ABOUT THIS EXERCISE.
Taking the entries below, transcribe only the lines starting with the one with "Volkswagen Caddy – Image 9" and going on through the one with "Fl&aacute;vio e Fernanda", exactly as written, without the pictures.

DATA RECORDS.
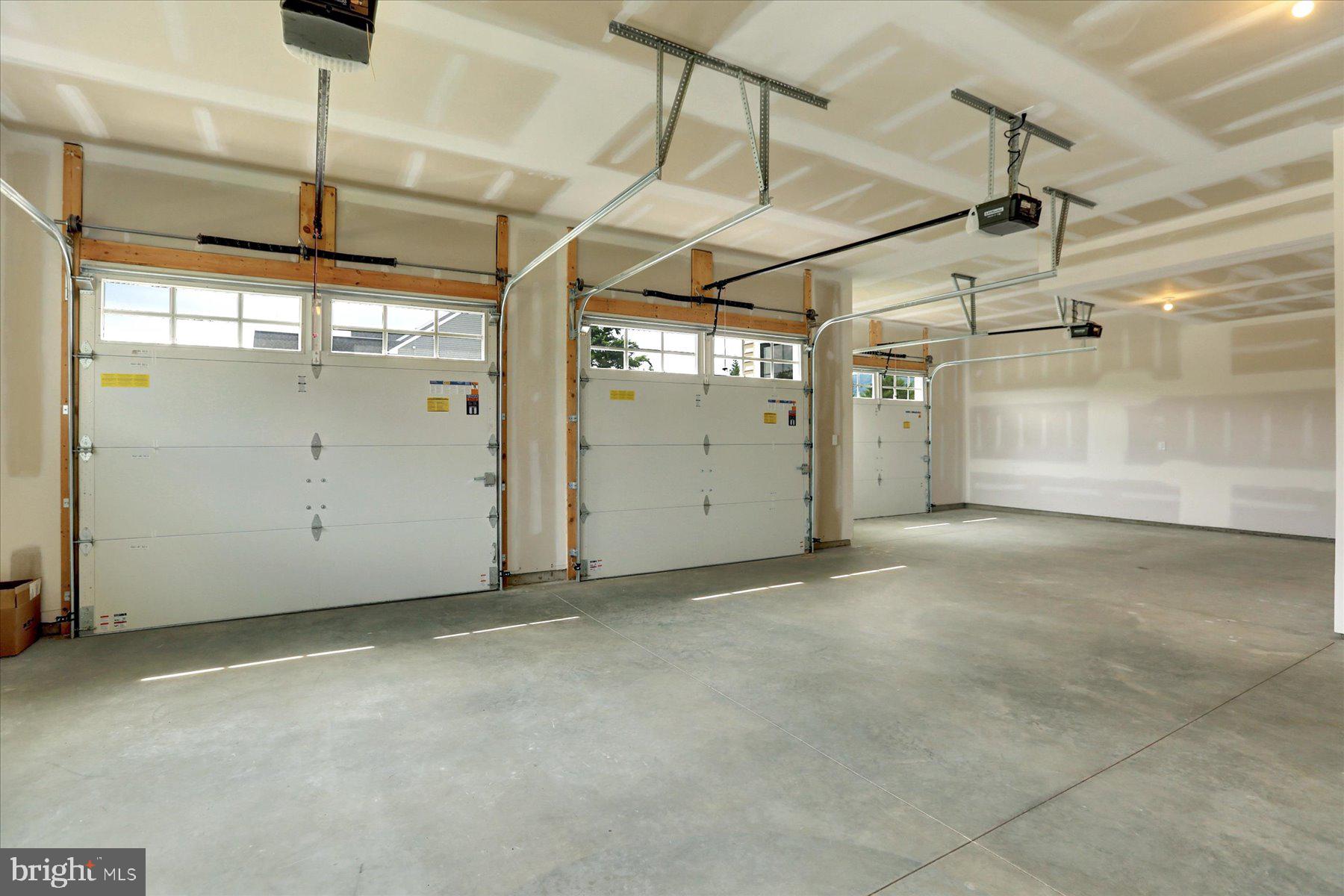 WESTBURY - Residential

...

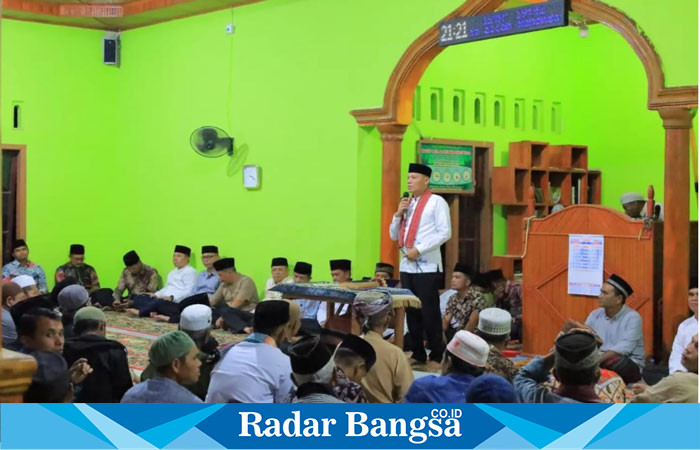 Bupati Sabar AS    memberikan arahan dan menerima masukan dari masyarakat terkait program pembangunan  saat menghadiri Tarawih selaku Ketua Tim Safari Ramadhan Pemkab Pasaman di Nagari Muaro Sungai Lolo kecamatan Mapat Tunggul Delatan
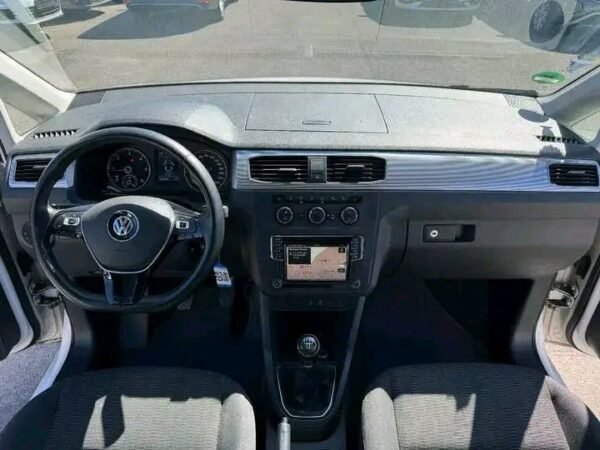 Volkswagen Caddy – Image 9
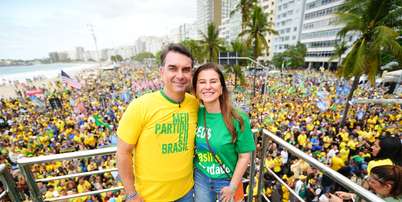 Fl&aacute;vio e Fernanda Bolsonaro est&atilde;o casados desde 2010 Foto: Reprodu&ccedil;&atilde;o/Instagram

--

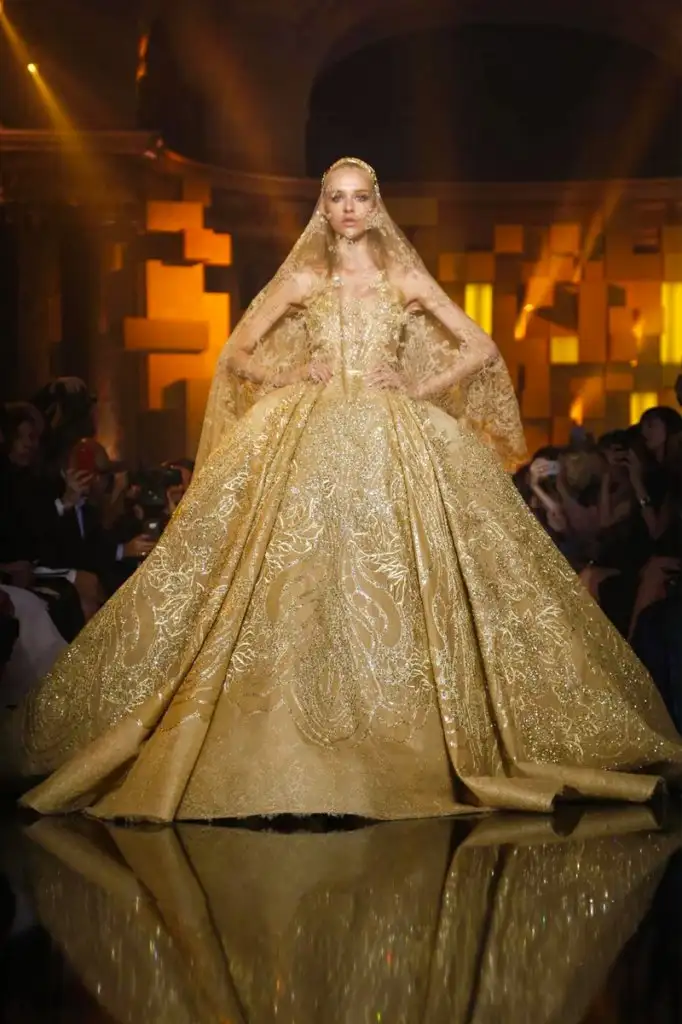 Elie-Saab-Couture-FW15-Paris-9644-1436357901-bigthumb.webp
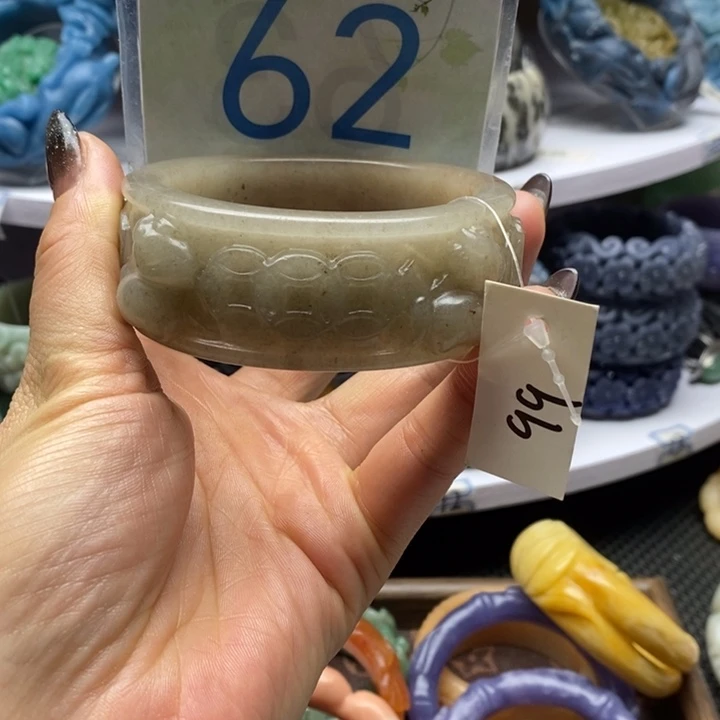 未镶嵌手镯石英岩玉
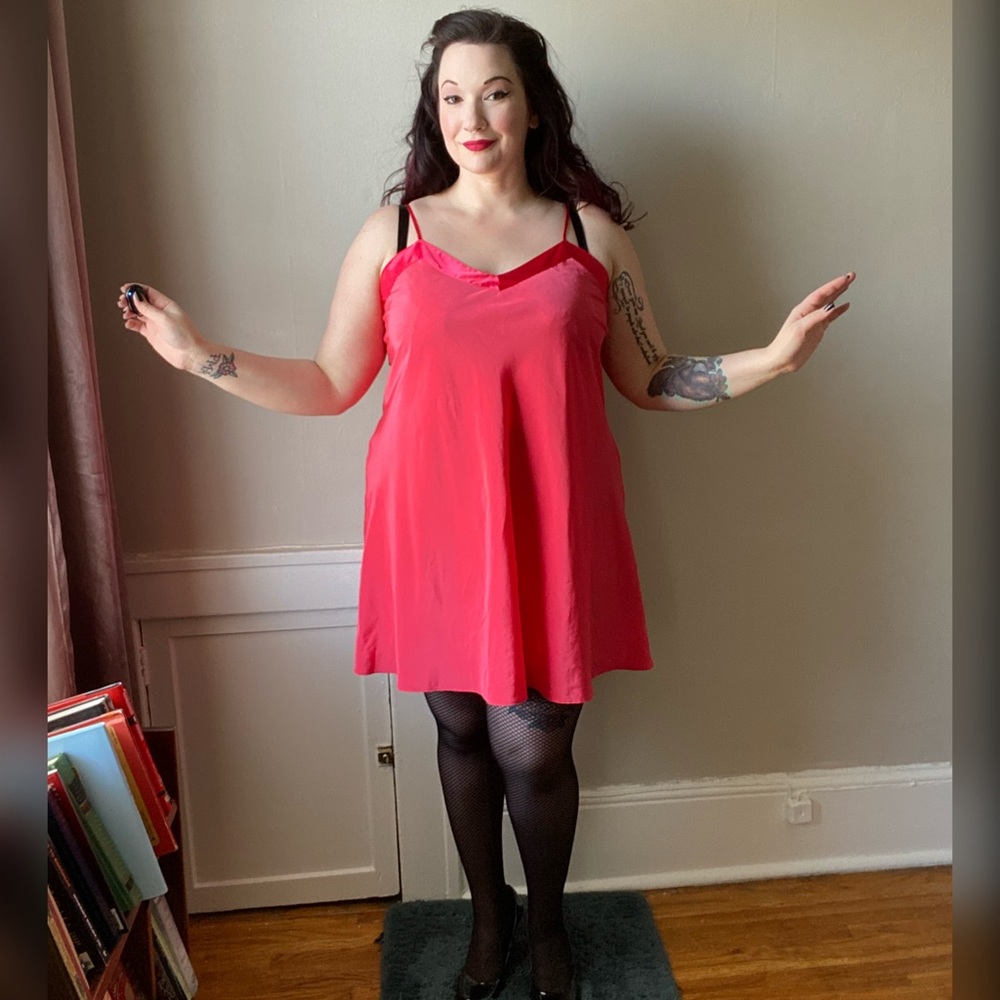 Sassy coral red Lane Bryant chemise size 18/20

REPLY TO THE EXERCISE.
 Volkswagen Caddy – Image 9
 Fl&aacute;vio e Fernanda Bolsonaro est&atilde;o casados desde 2010 Foto: Reprodu&ccedil;&atilde;o/Instagram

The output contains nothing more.